__EXERCISE AIM__.
For the data below, transcribe the part that opens with the line containing "Actor in motion" and closes with the line containing "Fashion designer Karl", exactly and with no pictures.

__Records excerpted from a collection__.

##########

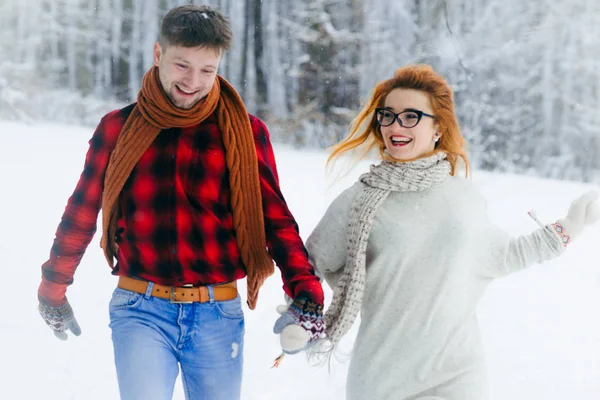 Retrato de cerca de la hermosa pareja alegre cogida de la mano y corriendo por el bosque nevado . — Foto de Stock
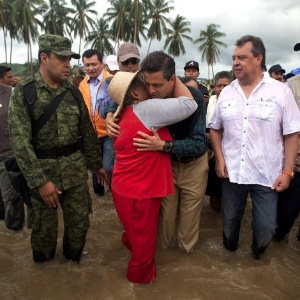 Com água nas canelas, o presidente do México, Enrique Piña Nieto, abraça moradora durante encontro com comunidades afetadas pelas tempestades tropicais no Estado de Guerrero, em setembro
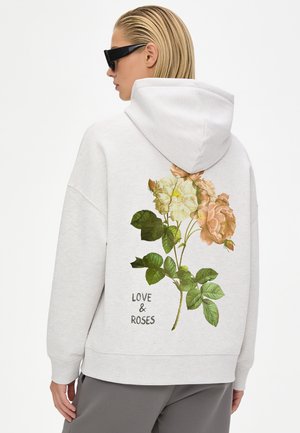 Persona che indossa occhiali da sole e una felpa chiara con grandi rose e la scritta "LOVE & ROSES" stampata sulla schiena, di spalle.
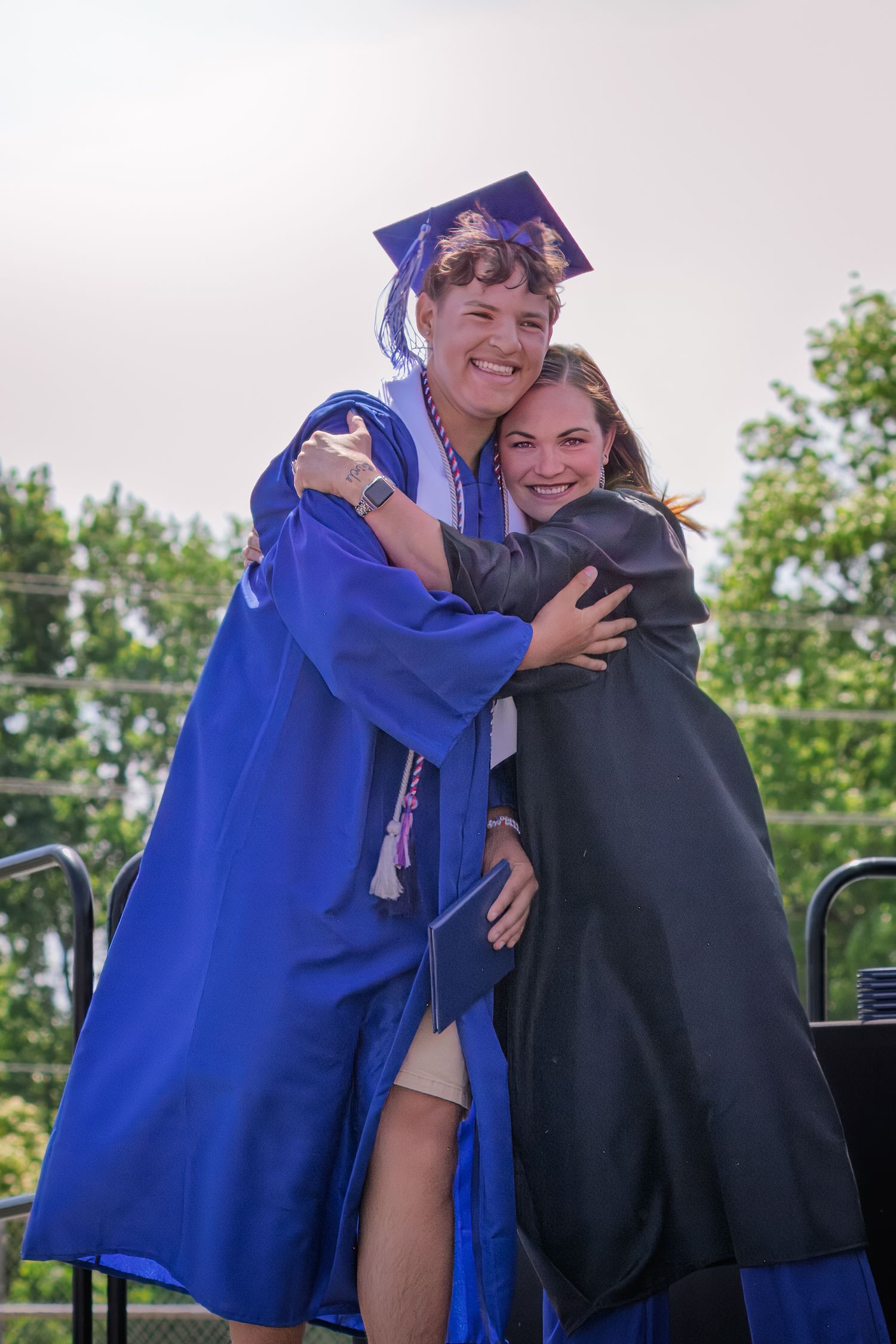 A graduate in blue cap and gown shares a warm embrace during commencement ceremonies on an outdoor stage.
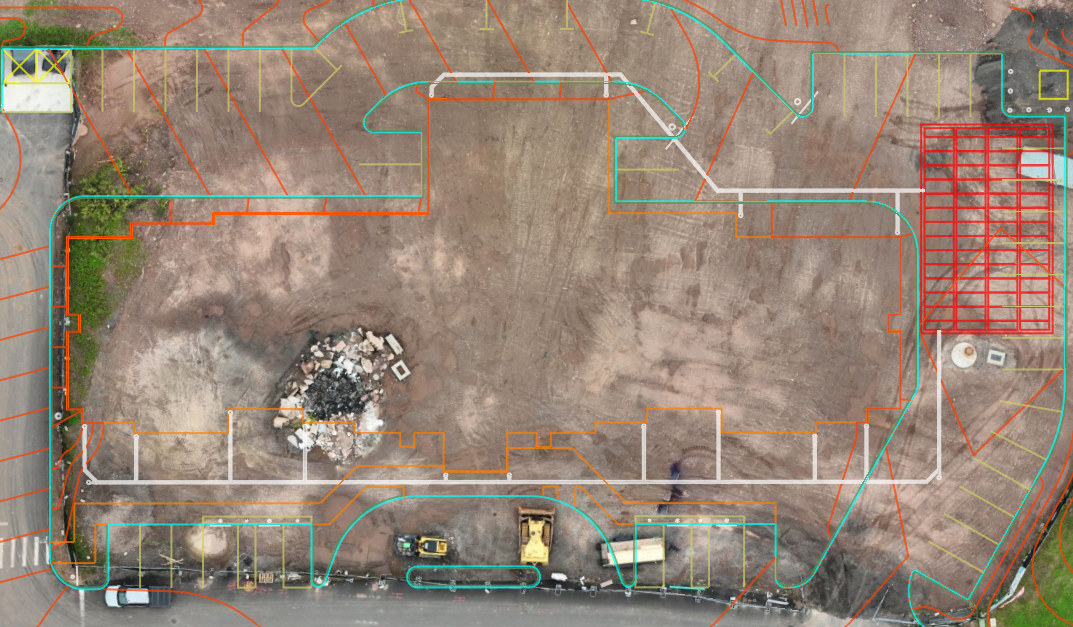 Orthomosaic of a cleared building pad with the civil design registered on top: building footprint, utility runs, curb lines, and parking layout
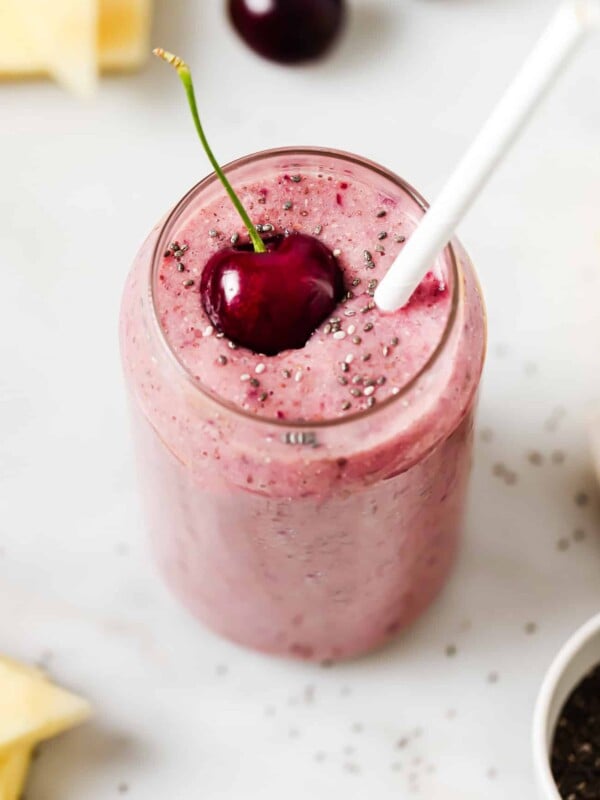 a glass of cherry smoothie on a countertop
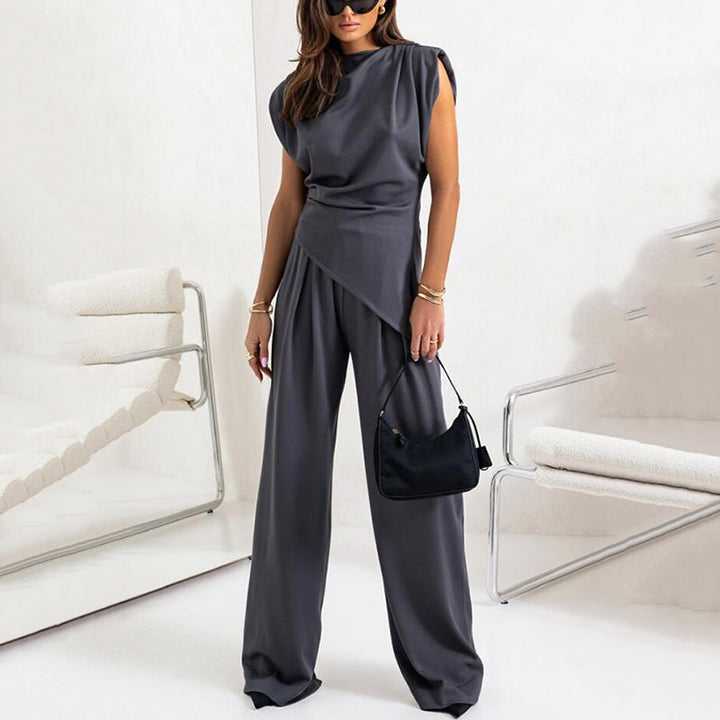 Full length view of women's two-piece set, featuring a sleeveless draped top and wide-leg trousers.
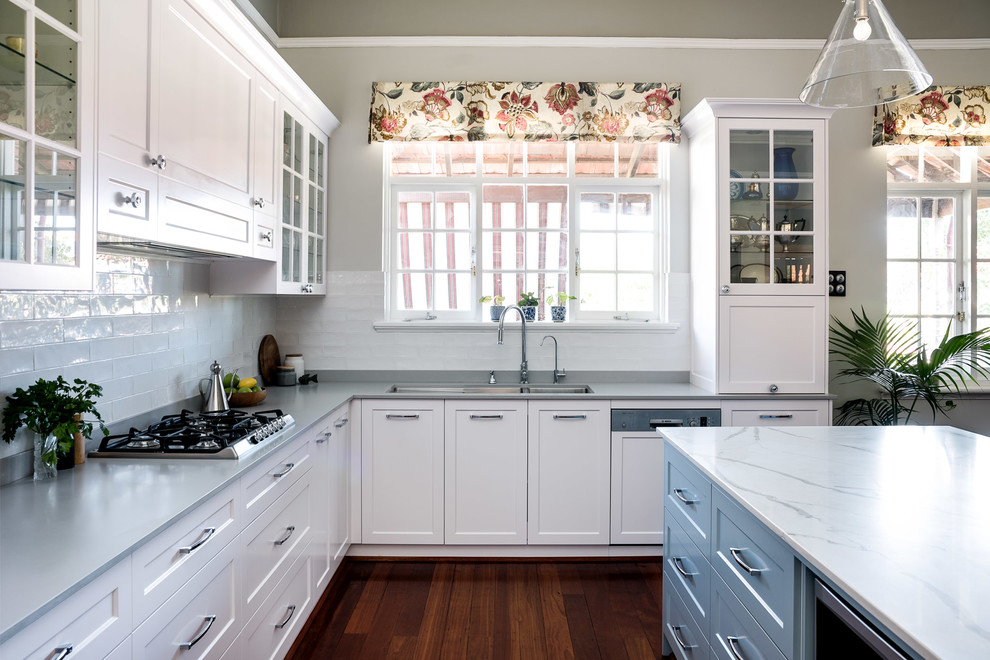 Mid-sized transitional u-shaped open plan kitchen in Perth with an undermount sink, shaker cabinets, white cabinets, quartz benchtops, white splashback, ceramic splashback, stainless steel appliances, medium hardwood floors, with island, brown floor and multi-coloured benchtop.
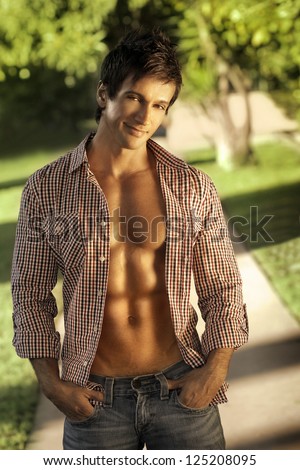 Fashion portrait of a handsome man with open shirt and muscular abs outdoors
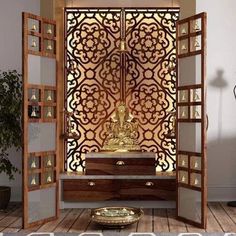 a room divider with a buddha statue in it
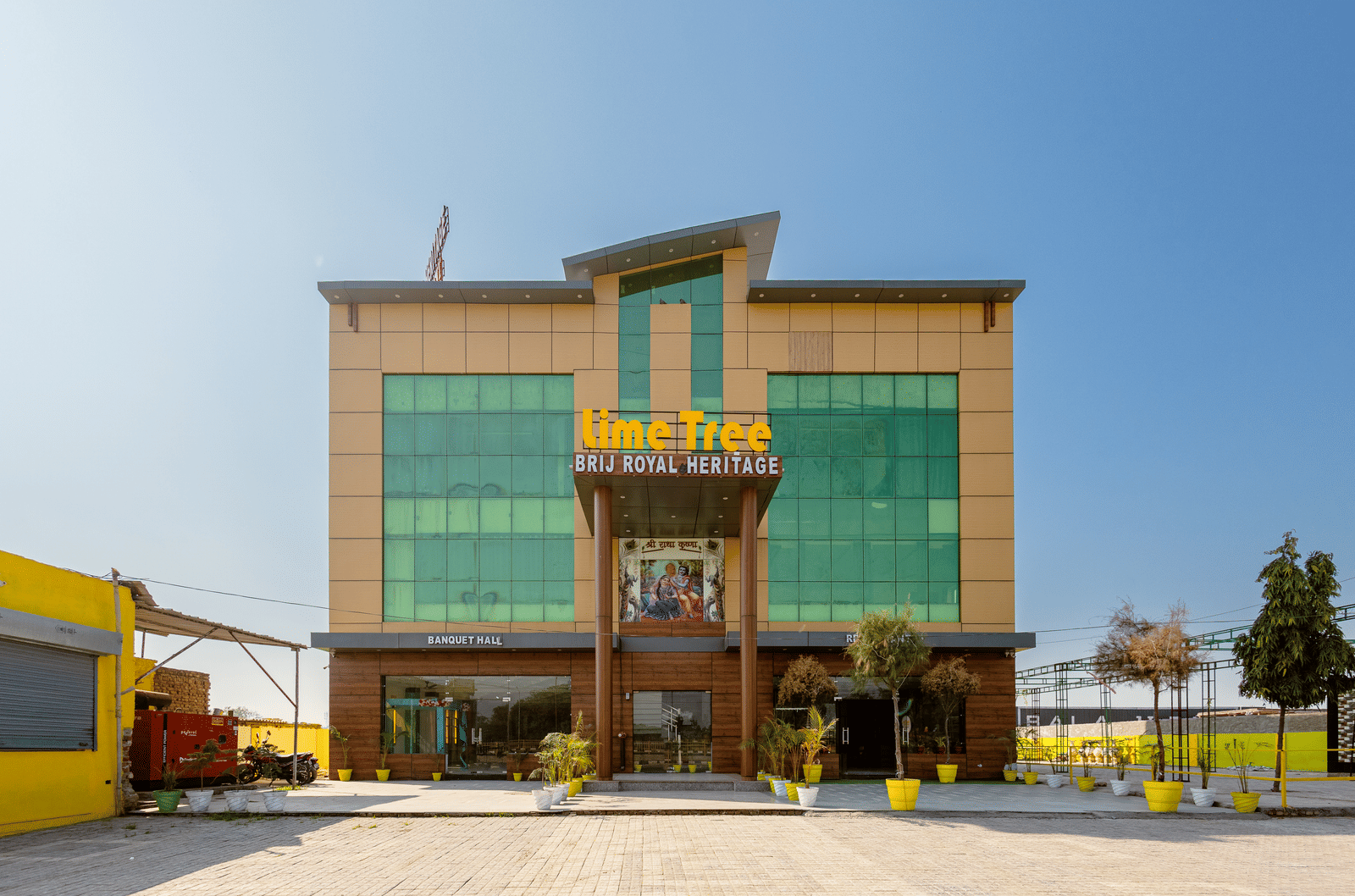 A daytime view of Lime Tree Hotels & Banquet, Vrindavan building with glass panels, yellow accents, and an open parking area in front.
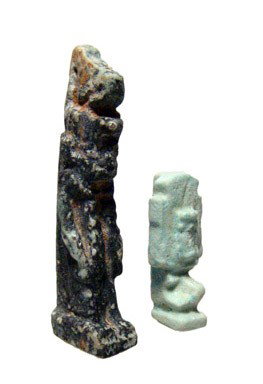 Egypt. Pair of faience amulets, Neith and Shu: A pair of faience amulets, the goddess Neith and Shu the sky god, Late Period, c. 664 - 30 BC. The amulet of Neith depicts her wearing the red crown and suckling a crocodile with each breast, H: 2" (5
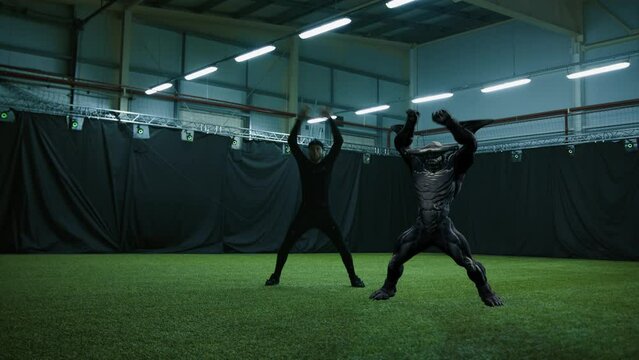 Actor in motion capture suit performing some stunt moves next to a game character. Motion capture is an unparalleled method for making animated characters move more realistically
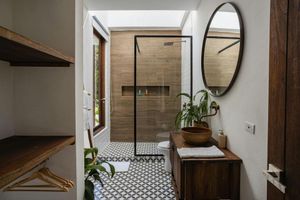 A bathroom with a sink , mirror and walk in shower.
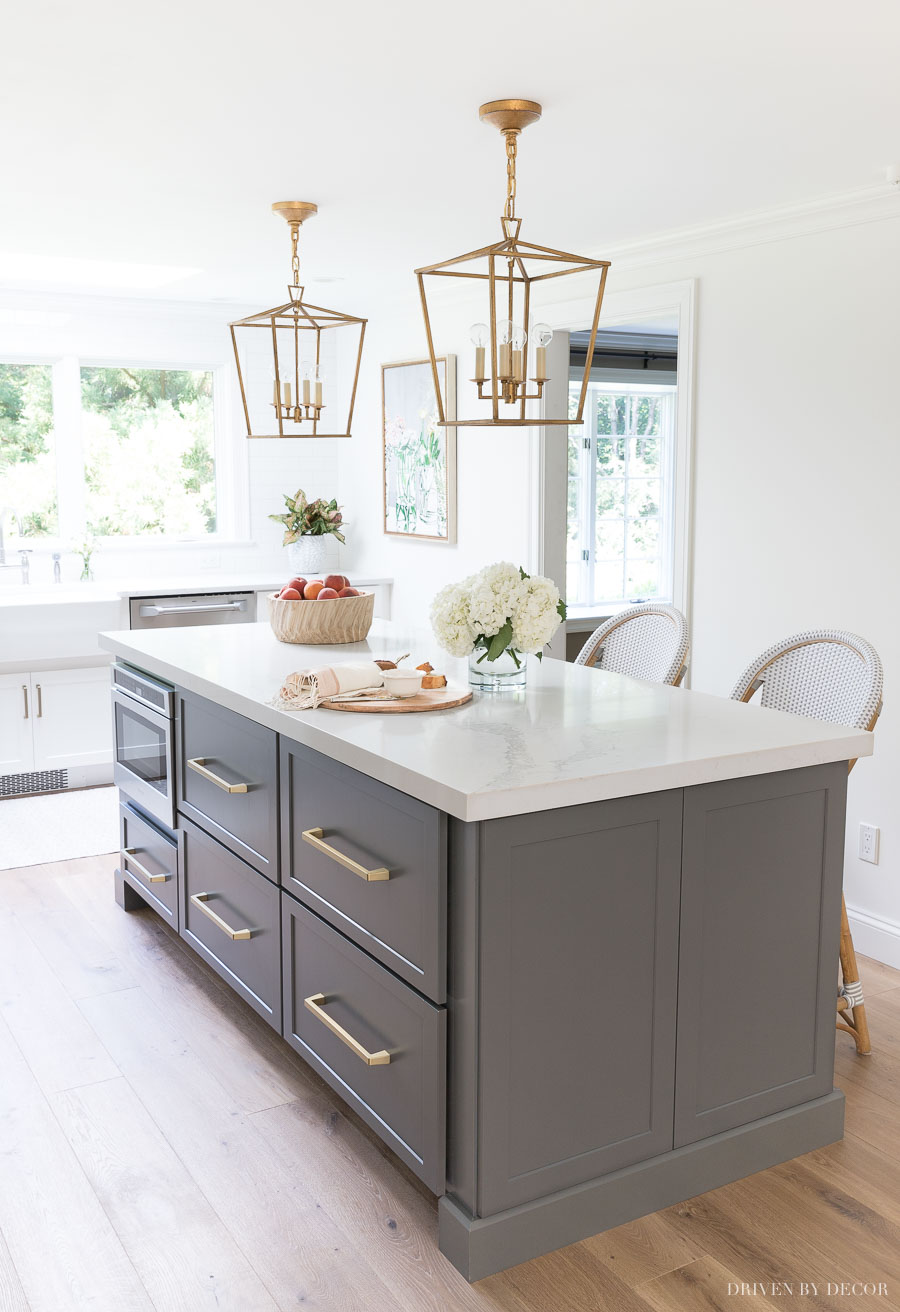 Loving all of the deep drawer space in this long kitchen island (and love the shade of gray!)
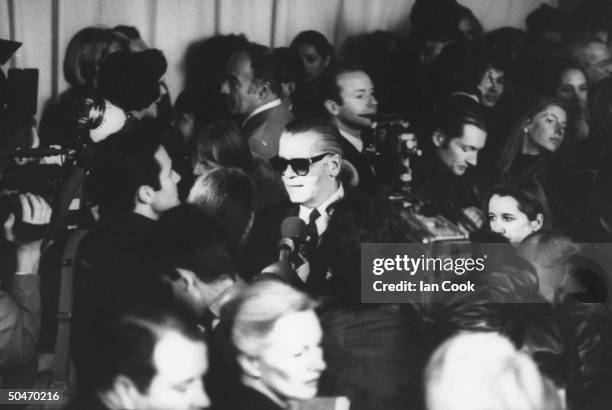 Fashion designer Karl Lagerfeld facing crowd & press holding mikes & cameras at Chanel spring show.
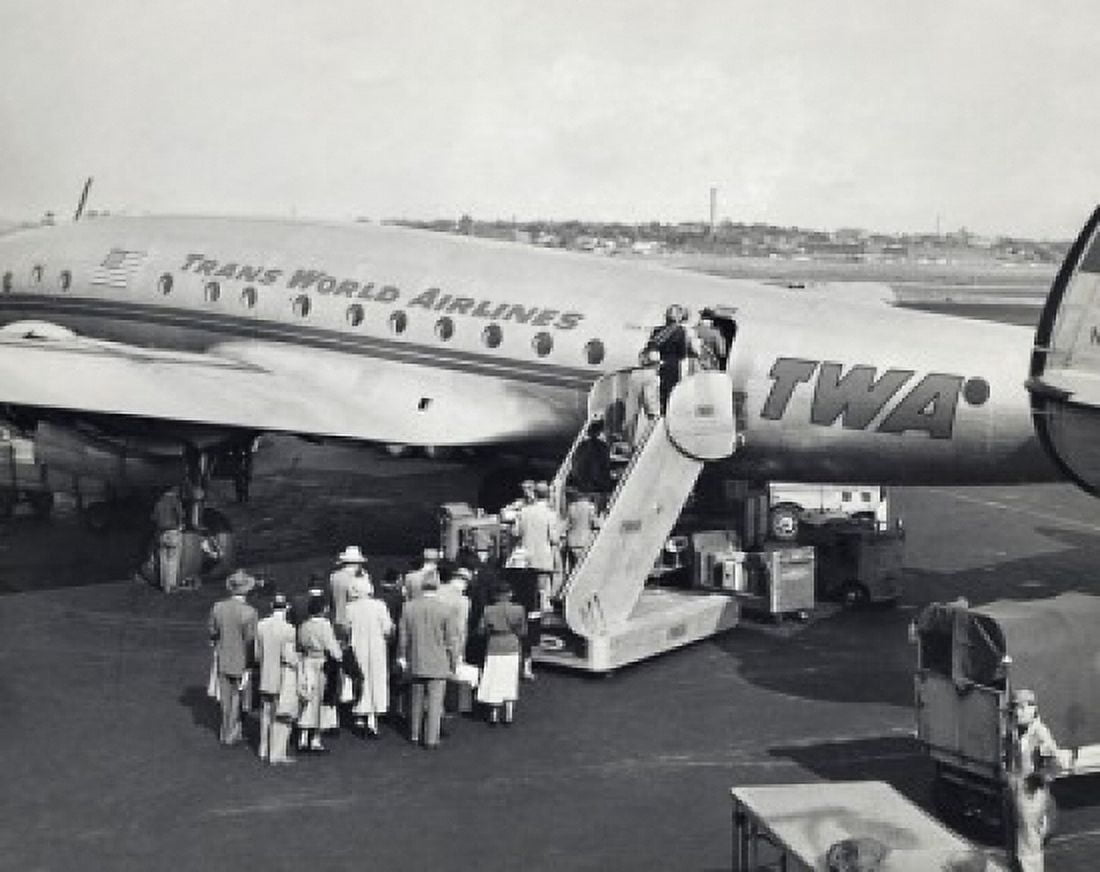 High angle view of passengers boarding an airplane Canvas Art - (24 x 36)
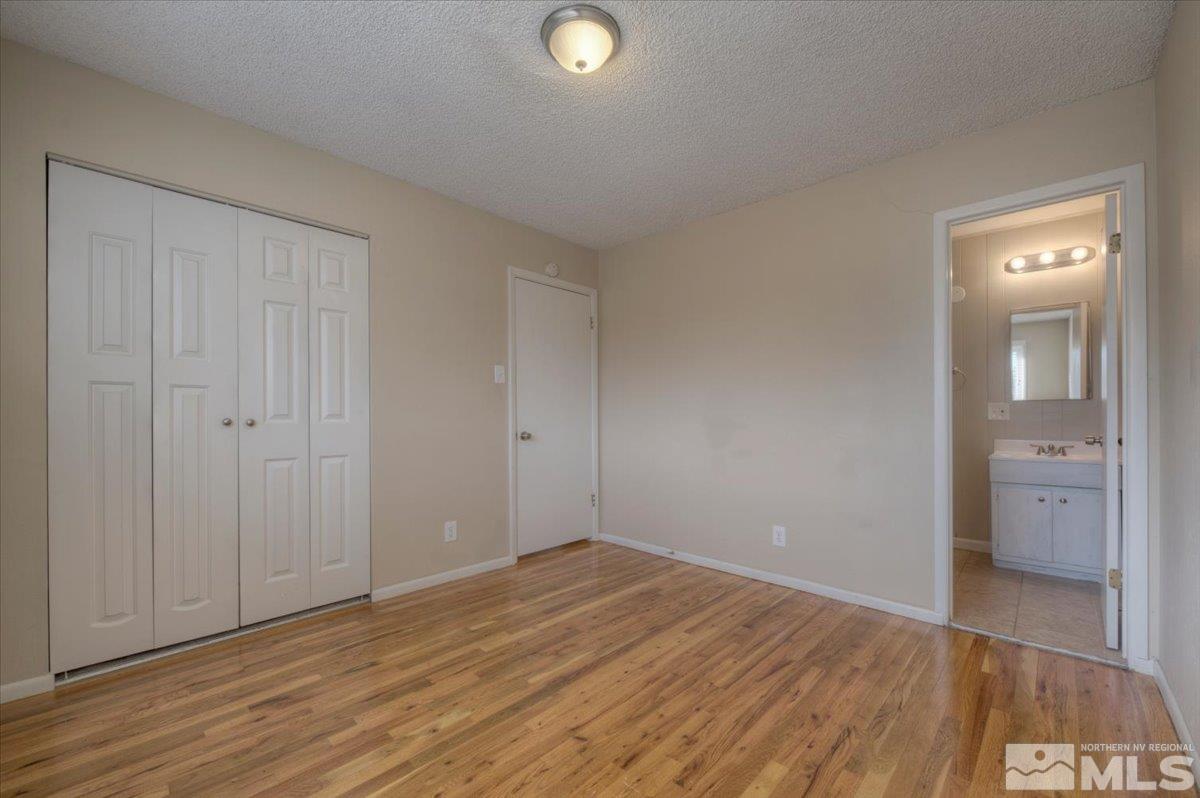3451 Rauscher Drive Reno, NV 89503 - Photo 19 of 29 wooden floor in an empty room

##########

__TASK OUTPUT__.
 Actor in motion capture suit performing some stunt moves next to a game character. Motion capture is an unparalleled method for making animated characters move more realistically
 A bathroom with a sink , mirror and walk in shower.
 Loving all of the deep drawer space in this long kitchen island (and love the shade of gray!)
 Fashion designer Karl Lagerfeld facing crowd & press holding mikes & cameras at Chanel spring show.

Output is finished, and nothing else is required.